Grooveware is the creative moniker under which I am currently working, producing both 2D and 3D artwork as well as music in a variety of genres. I work from a studio based at the ‘Rotherham Open Arts Renaissance’ space in Rotherham town centre.
Having noticed ivy wrapping itself around a nearby garden fence, I tried adding something similar to my Green Man logo image. Again using the Sketch Book App, I coloured the image to evoke certain seasons of the year: (from left to right) Spring/Summer, Autumn and Winter.
Here are the first prints of the main colour block, drying on the line!
Click on the captions to watch the videos.
These are the completed Lino blocks for printing the Green man logo. The first will be for the red areas (or any other dominant colour) whilst the outline will be in black. Both are seen here in reverse, ready to print. I always take care to try and ensure the pattern left in my cutting is pleasing enough to be possibly included in the print.

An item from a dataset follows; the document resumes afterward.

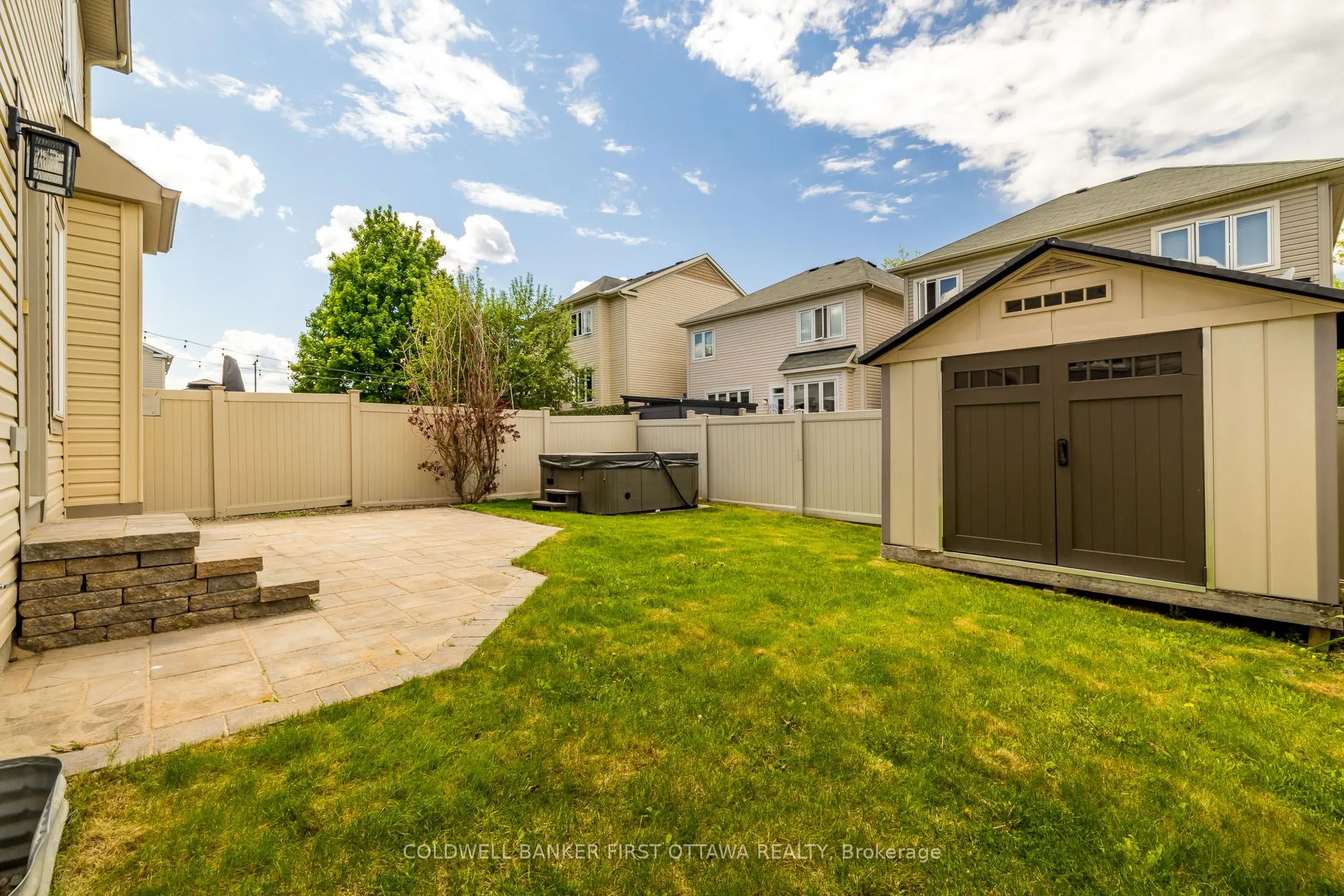 738 TRAMONTANA Place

Having made enquiries about the costs involved in printing my Green Man logo, I have decided to do it myself – if only for now. In a method that is slightly different from what I have done previously, I am intending to make three Lino blocks, one for each colour and then print them onto both paper and fabric. This is the beginning of the first block – the reds.
By way of a diversion from my on-going Green Man project, I have been carving a design inspired by the triskele-like designs on the Newgrange Tomb entrance stone, onto a mandolin. I first stripped back the original sunburst finish to the bare wood, before carving the design using a Dremel tool.

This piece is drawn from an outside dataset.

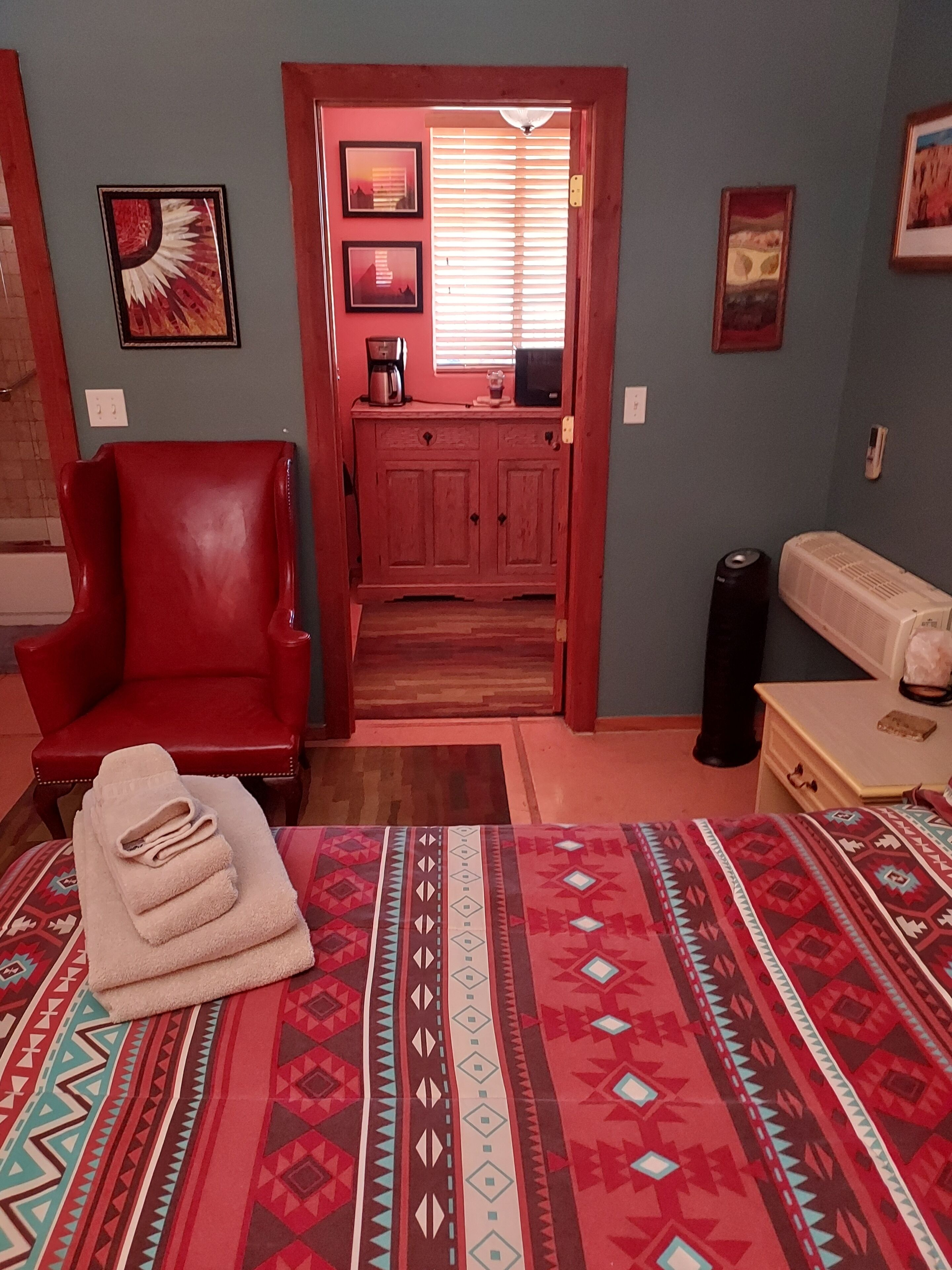 Om on the Range, Dragonfly Casita, no pets, no smoking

The surface was then dyed (English Light Oak) before being polished using beeswax. I feel the mandolin now has a well-used, almost antique look to it.
Having taken a photograph of the tin can model of the modern-day Green Man I developed, I loaded it into the ‘Sketch Book ‘ drawing app on the iPad. I then drew around what I considered to be the most important lines of the image and filled in the shapes with blocked colours. I thus created a ‘logo’ styled image, changing the colours easily using the Fill tool in the app.

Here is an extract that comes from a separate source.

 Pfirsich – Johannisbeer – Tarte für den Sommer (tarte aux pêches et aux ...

Working on the premise that the original, ancient Green Man was a symbol of fertility, I have developed a range of modern day symbols that reflect the places that people meet today,
Having first attached the Green Man image to a piece of green netting, I wrapped it around a tree in Canklow Woods (ancient woodland) at Boston Castle in Rotherham.
A tree ‘wrap’ I am currently working on. The ‘wrap’ is approximately one metre by two metres and sculpted out of corrugated cardboard. I am intending to fix it to a net backing (to prevent it falling apart – it’s a bit delicate!) before wrapping it around a suitable tree. Ideally, it would be fabricated in metal, but a lack of funding means this is not possible at the moment.